WO2018211444A1

WO2018211444A1 - Method and apparatus for analysing video content in digital format

Info

Publication number: WO2018211444A1
Application number: PCT/IB2018/053460
Authority: WO
Inventors: Simone BRONZIN
Original assignee: Metaliquid S.R.L.
Priority date: 2017-05-17
Filing date: 2018-05-17
Publication date: 2018-11-22
Also published as: EP3625798A1; US20200183976A1; IT201700053345A1

Abstract

Method for analysing video content in digital format comprising: identifying a plurality of portions, each corresponding to a respective shot, in a video (VC); activating a processor (120) to read, from a memory (130) associated with said processor (120), reference parameters (RP); activating said processor (120) to compare each of said portions with said reference parameters (RP), obtaining a semantic representation associated with said portion; activating said processor (120) to associate a time reference within said video (VC) with each of said semantic representations; generating an output signal (OUT) containing the semantic representations obtained from said video (VC) and the time references associated with them.

Description

METHOD AND APPARATUS FOR ANALYSING VIDEO CONTENT IN DIGITAL FORMAT

DESCRIPTION

[TECHNICAL FIELD]

The object of the present invention is a method and equipment for analysing video in digital format.

[PRIOR ART]

As is known, in the presence of a large quantity of video, for example in digital format, it is important to be able to catalogue it in an effective manner so as to be able to find the content of interest in any situation.

This issue is particularly felt for example, by those who provide video content by means of broadband connections and/or broadcast transmission.

The content of this kind currently is catalogued substantially using two sources of information:

- data of "bibliographical" nature, provided by the producer together with the video, which may comprise title, type, brief description of the plot, main actors/actresses, length, etc . ;

- the reviews on the web and commenting the content in question .

It is therefore apparent that cataloguing large quantities of content based on these two types of information alone is not very effective and to a large extent, not very objective.

Indeed, few objective data are available (the aforesaid information of "bibliographical" nature) , and the rest refer to comments, opinions, judgements expressed on the content, more than a description that in some manner is objective and suitable for creating a catalogue.
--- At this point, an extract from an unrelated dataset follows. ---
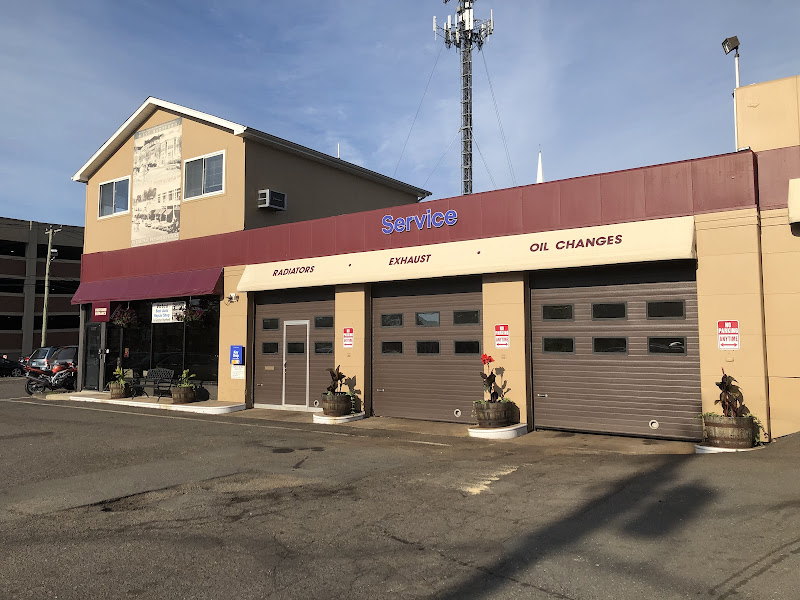 Modern Tire WH LLC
The Applicant has therefore noticed that no system is available to date that allows managing the management /search/recommendation of video content in digital format in an adequate manner.

[OBJECTS AND SUMMARY OF THE INVENTION]

It is the object of the present invention to make available a method and equipment that allow managing video content in digital format in an adequate manner so as to be able to search for and/or recommend them in an effective and accurate manner.

These and other objects again are substantially achieved by a method and by equipment for analysing video in digital format, as described in the appended claims.

[BRIEF DESCRIPTION OF THE DRAWINGS]

Further features and advantages shall be more apparent from the detailed description of preferred, but not exclusive, embodiments of the invention.

Such description is made herein below with reference to the accompanying figure 1, also provided for indicative purposes only, and therefore not limiting, in which there is shown a block diagram of equipment in accordance with the present invention .

[DETAILED DESCRIPTION OF THE INVENTION]

With reference to figure 1, an apparatus for analysing video in digital format is indicated as a whole with 100.

The apparatus 100 firstly comprises a computer 110 dedicated to coordinating the processing, and a group of other components (exemplified in figure 1 by modules 140 and 150) - dedicated to the processing. The computer 110 comprises a memory 130 and a processor 120, which may be of any type suitable for being programmed so as to execute the operations that are described below. The memory 130, associated with the processor 120, is used to store the data that the processor 120 uses and/or generates during its processing operations.

In accordance with the invention, firstly a video content VC in digital format is provided. Such content may be for example, a movie, a video, the depiction of a TV programme or a part of it, etc.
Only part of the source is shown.